What is needed - Look through the entries below and copy exactly the part that begins with the line containing "Sombrero Fascinator Kentucky" and ends with the line containing "İzmir'deki 6.6'lık depremden kareler". Do not copy the pictures.

Data for analysis -
>>>>>

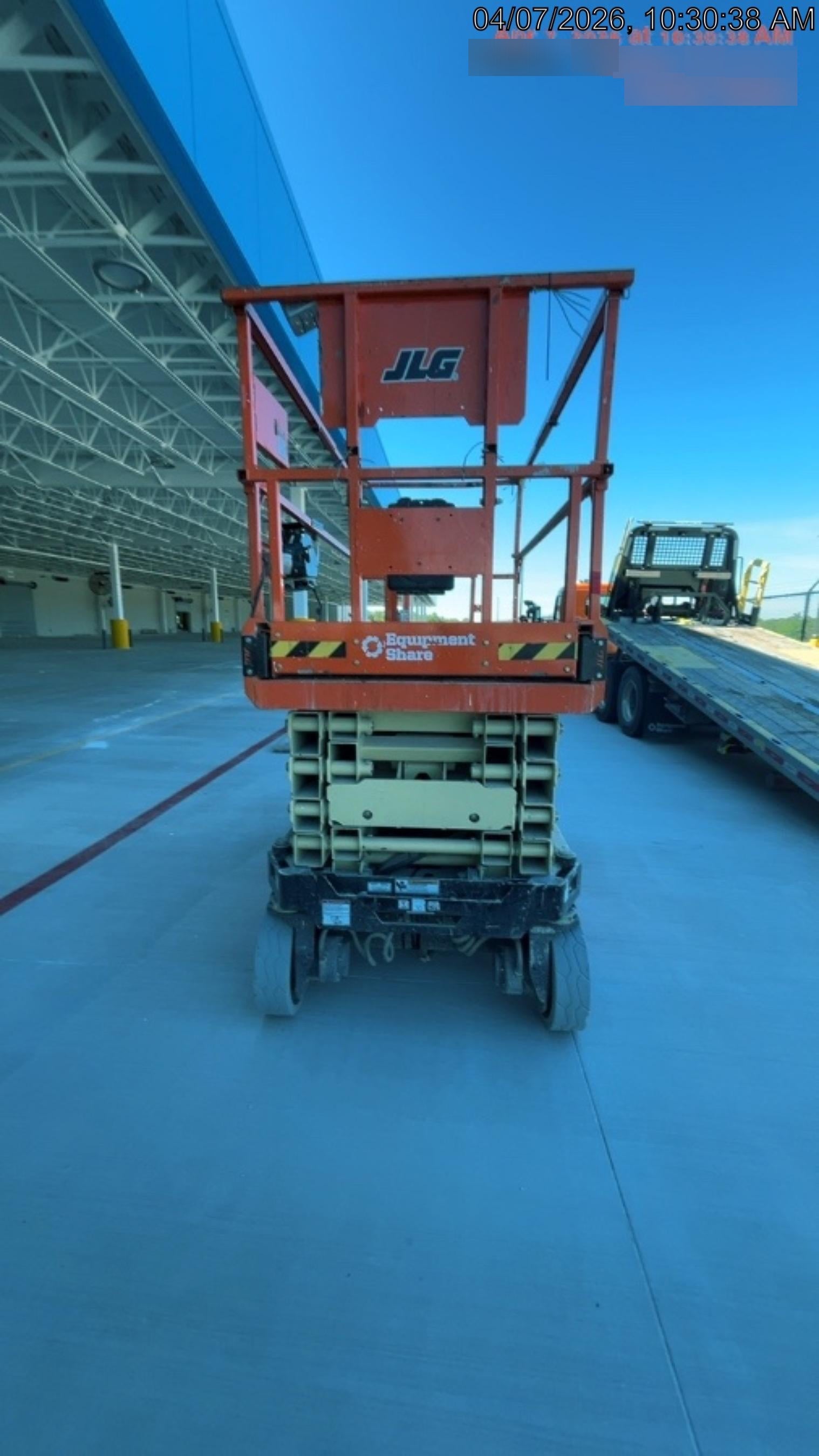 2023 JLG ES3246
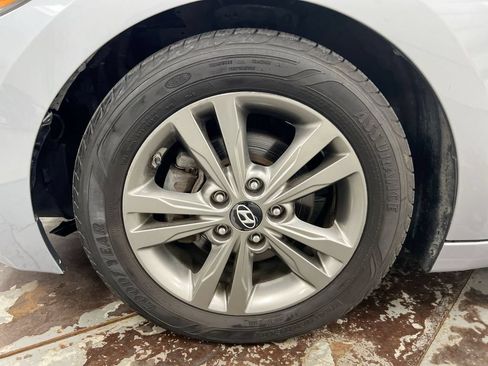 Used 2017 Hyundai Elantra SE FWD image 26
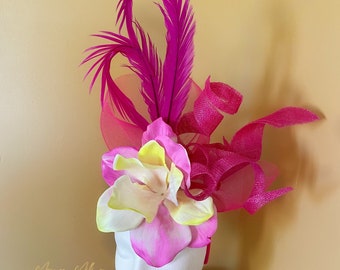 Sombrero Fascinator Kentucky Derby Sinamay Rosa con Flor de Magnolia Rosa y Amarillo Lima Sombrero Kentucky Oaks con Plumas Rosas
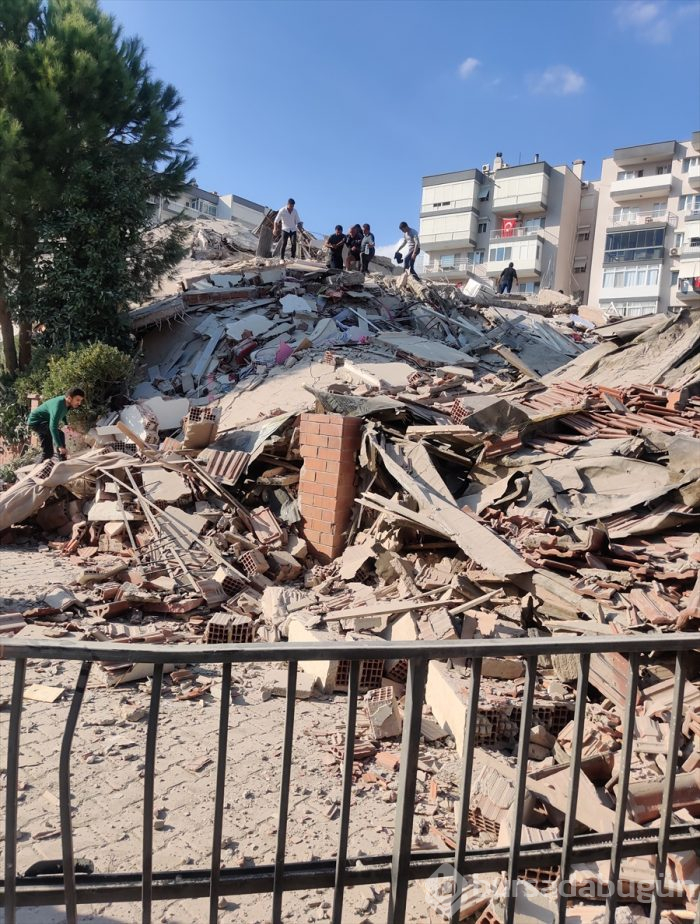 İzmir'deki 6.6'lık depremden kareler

<<<<<
>>>>>

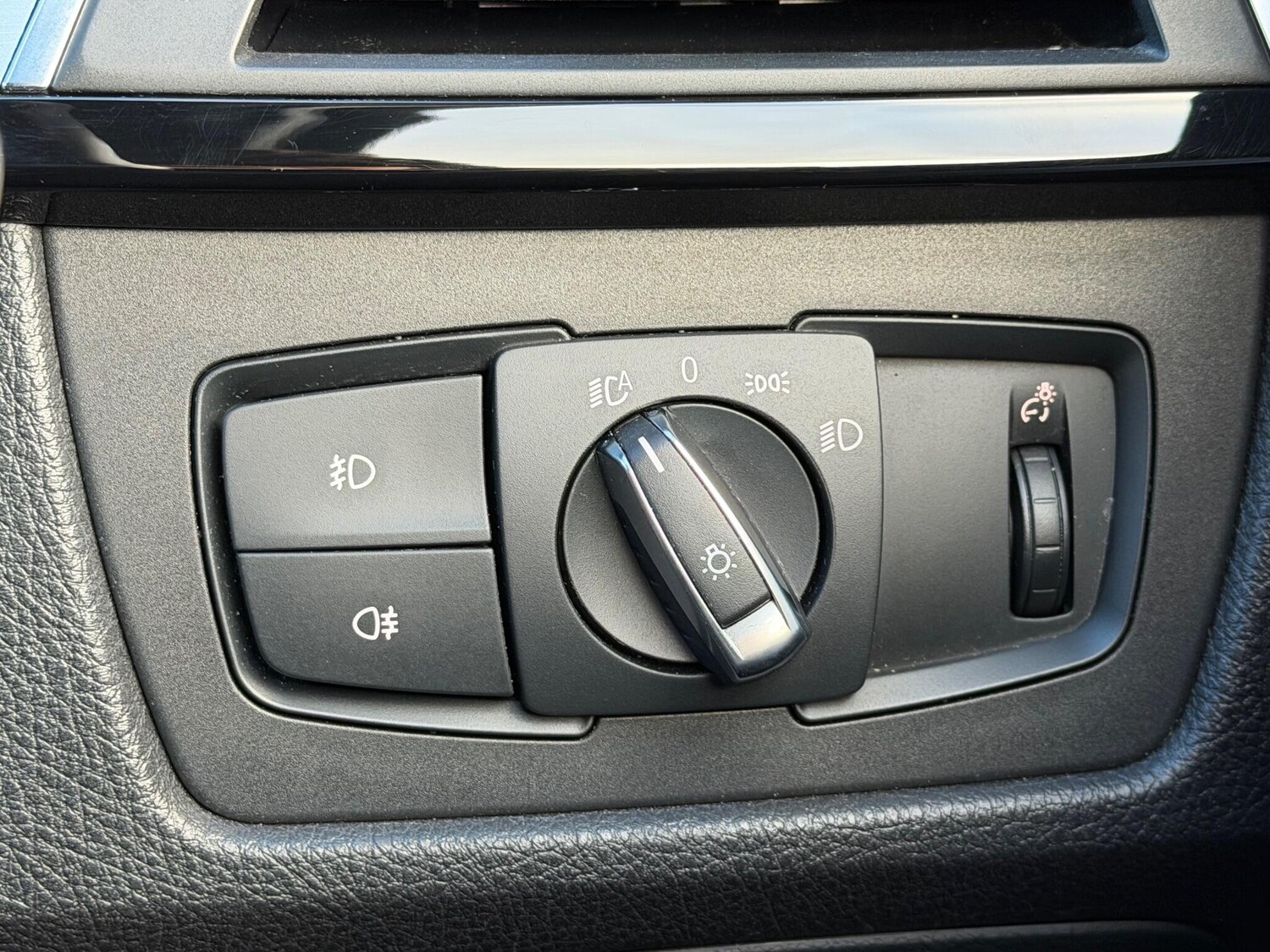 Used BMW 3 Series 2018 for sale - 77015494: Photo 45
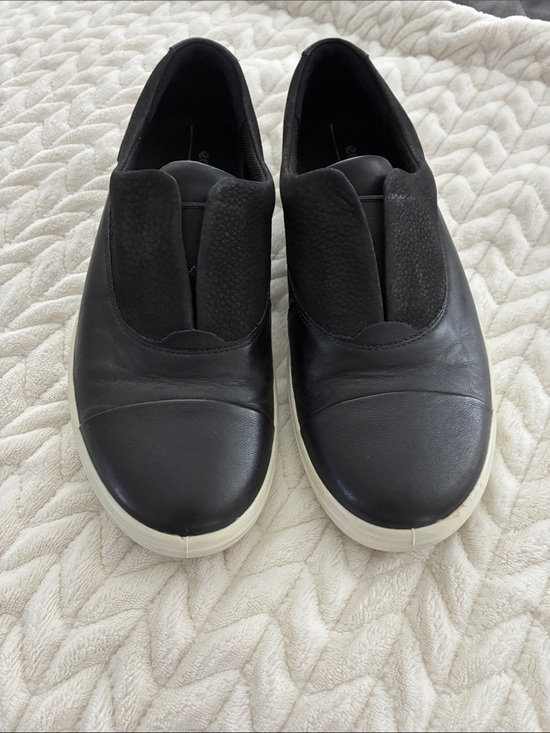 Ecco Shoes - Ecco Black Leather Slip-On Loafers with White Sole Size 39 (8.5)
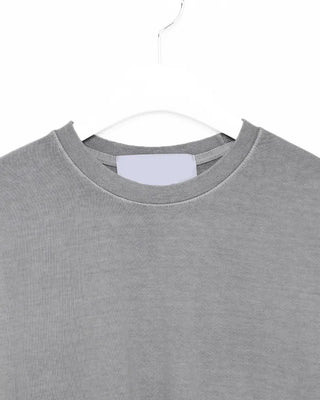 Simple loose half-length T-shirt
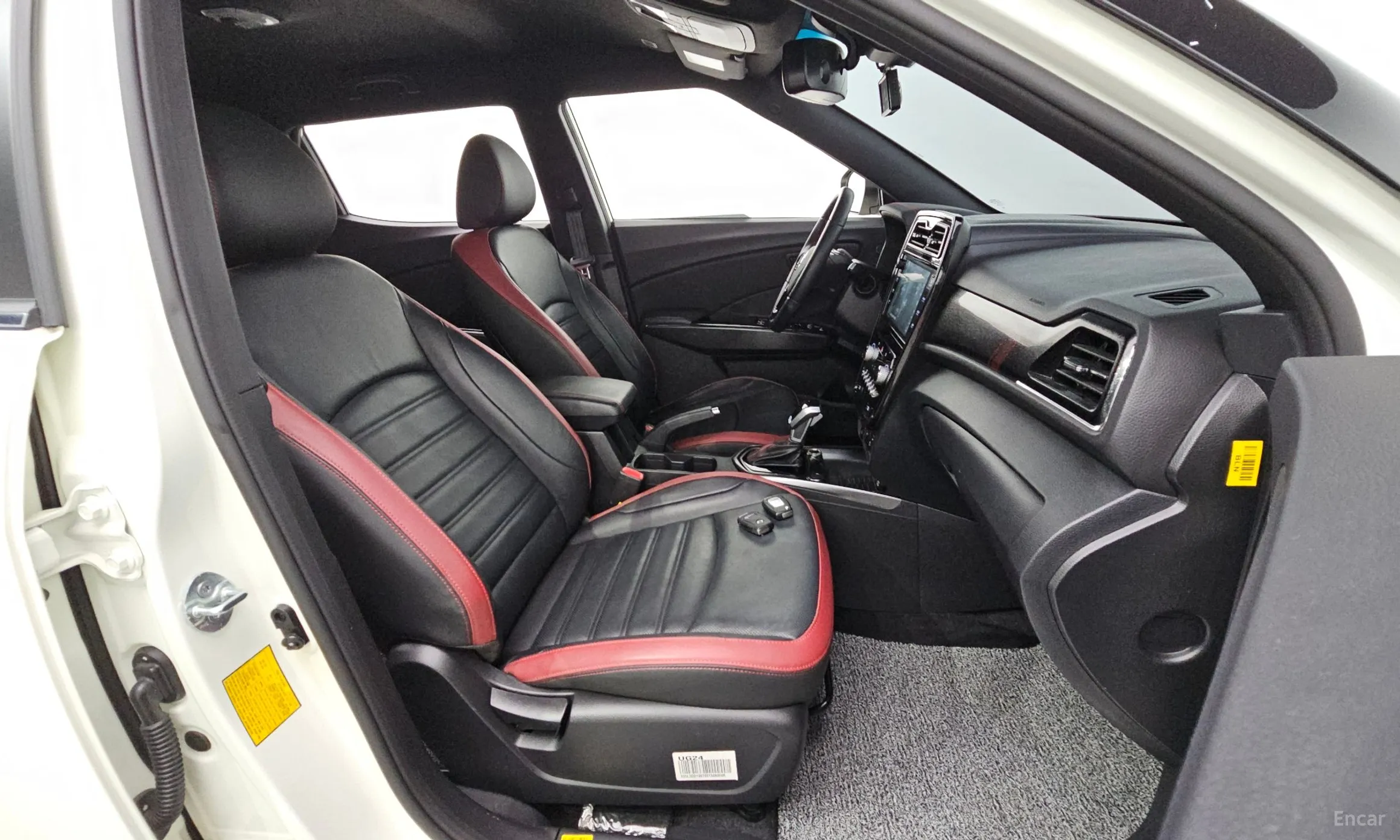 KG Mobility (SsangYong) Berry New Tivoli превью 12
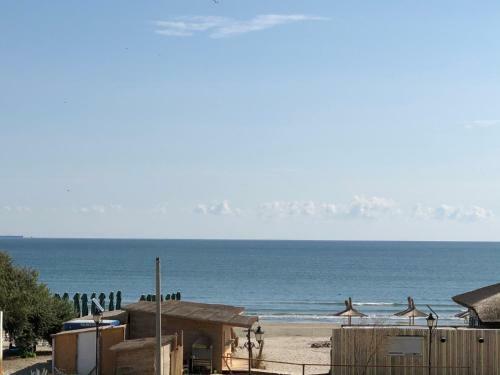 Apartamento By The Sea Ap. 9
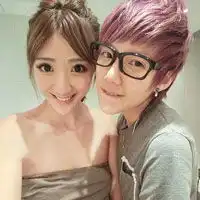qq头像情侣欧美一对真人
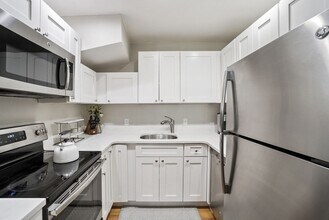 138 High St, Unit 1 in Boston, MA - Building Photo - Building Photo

<<<<<

Answer to this problem -
 Sombrero Fascinator Kentucky Derby Sinamay Rosa con Flor de Magnolia Rosa y Amarillo Lima Sombrero Kentucky Oaks con Plumas Rosas
 İzmir'deki 6.6'lık depremden kareler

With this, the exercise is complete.